Without any pictures, reproduce exactly the lines running from the line containing "pattern Architecture Buildings" through the end of the entries.

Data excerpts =
************

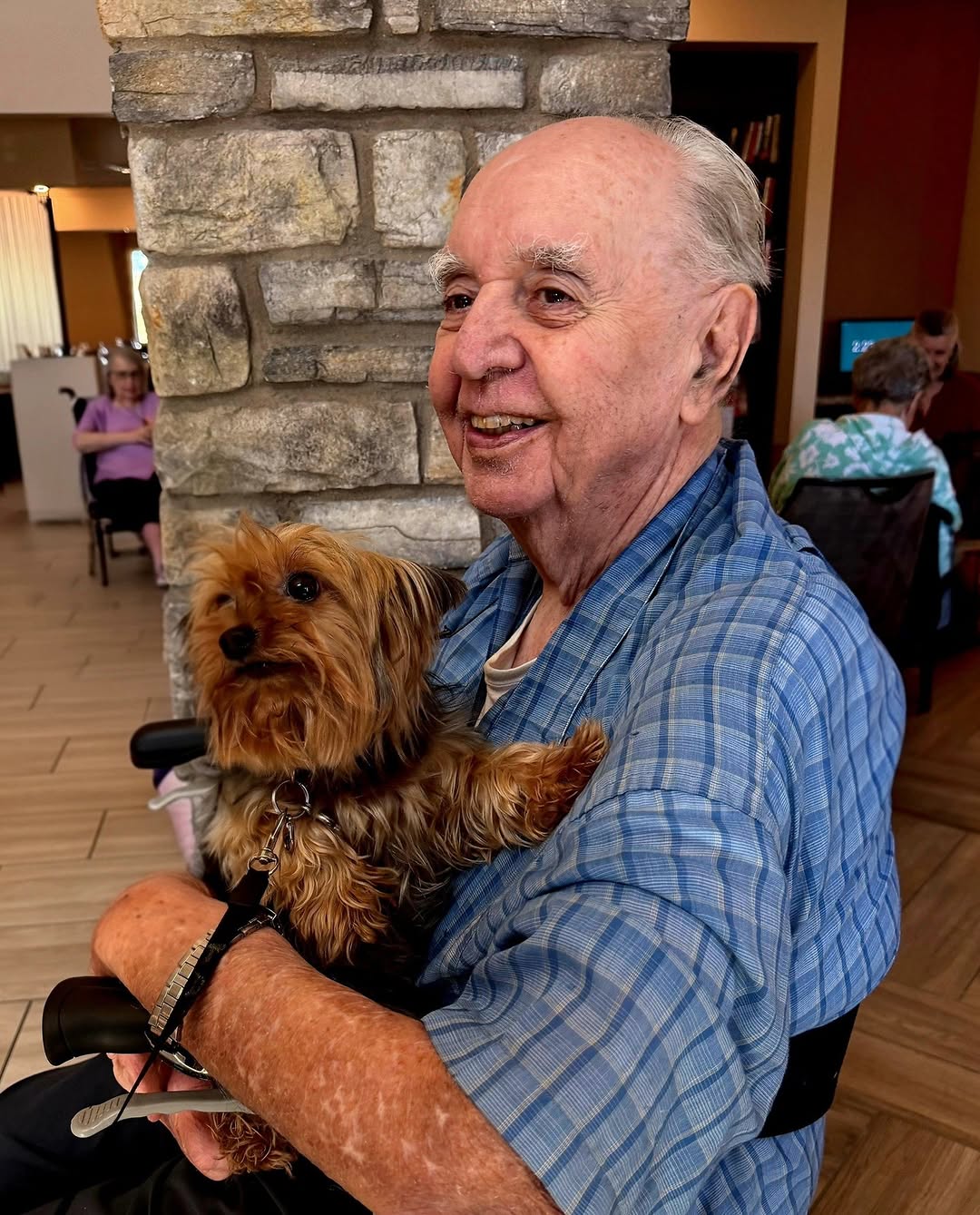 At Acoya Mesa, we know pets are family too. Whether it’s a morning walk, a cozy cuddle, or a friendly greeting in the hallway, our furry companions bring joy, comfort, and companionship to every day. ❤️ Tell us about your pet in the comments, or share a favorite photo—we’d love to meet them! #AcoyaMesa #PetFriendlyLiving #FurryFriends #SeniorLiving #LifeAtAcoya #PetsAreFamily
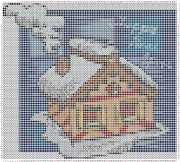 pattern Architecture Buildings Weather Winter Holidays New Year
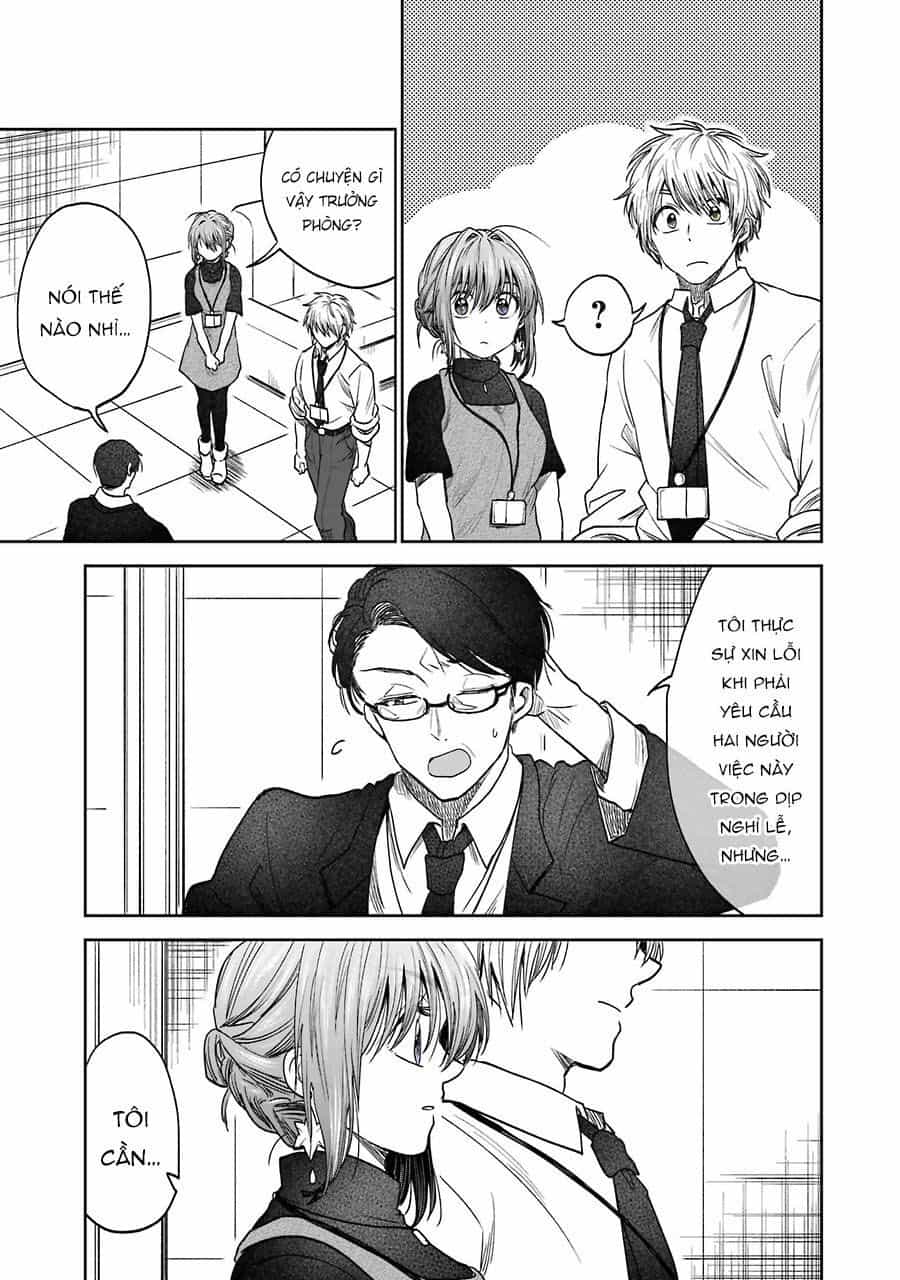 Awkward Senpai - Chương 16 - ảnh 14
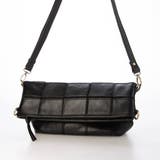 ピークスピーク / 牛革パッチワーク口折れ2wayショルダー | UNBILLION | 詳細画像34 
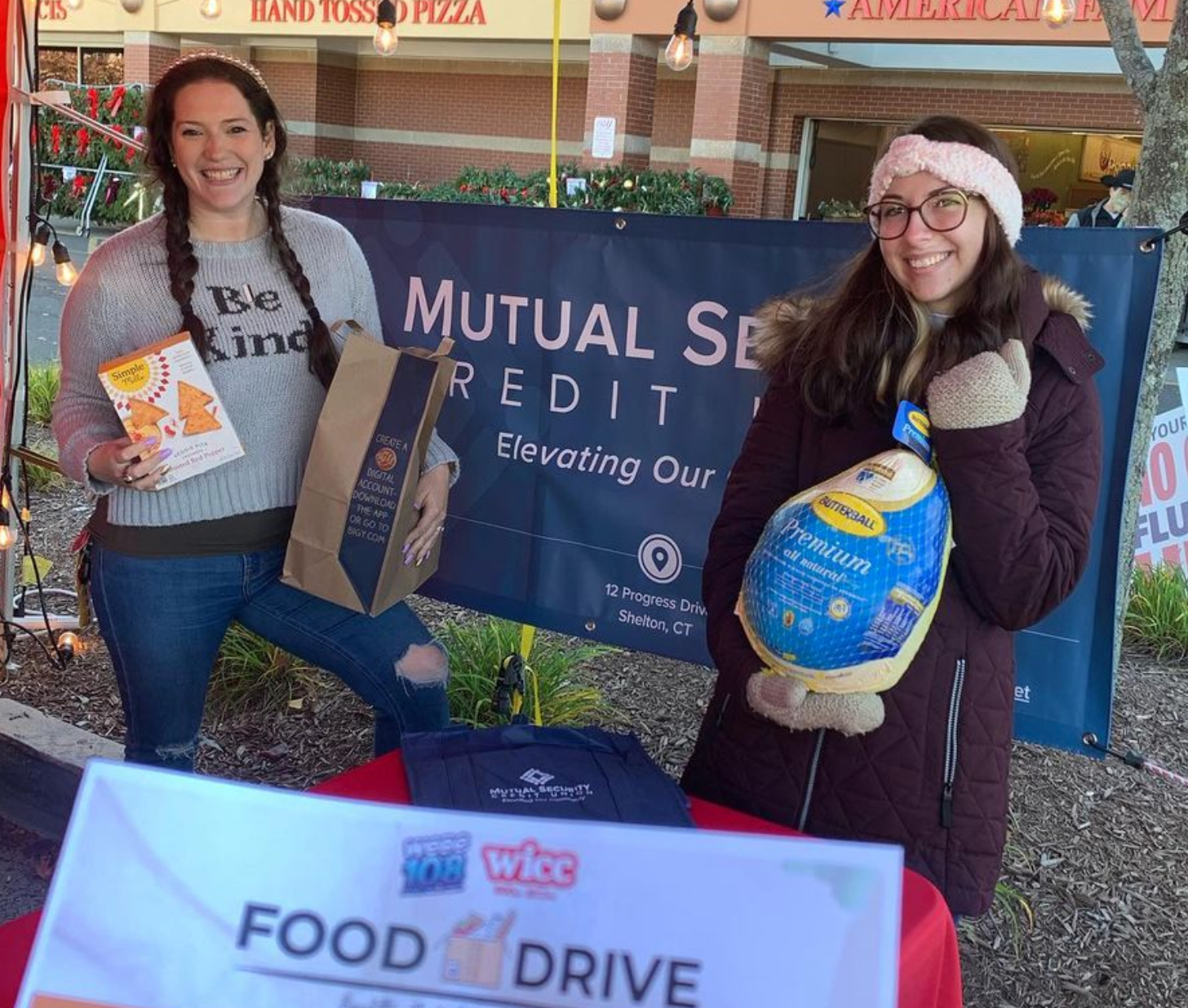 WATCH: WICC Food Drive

************

Worked solution =
 pattern Architecture Buildings Weather Winter Holidays New Year
 Awkward Senpai - Chương 16 - ảnh 14
 ピークスピーク / 牛革パッチワーク口折れ2wayショルダー | UNBILLION | 詳細画像34 
 WATCH: WICC Food Drive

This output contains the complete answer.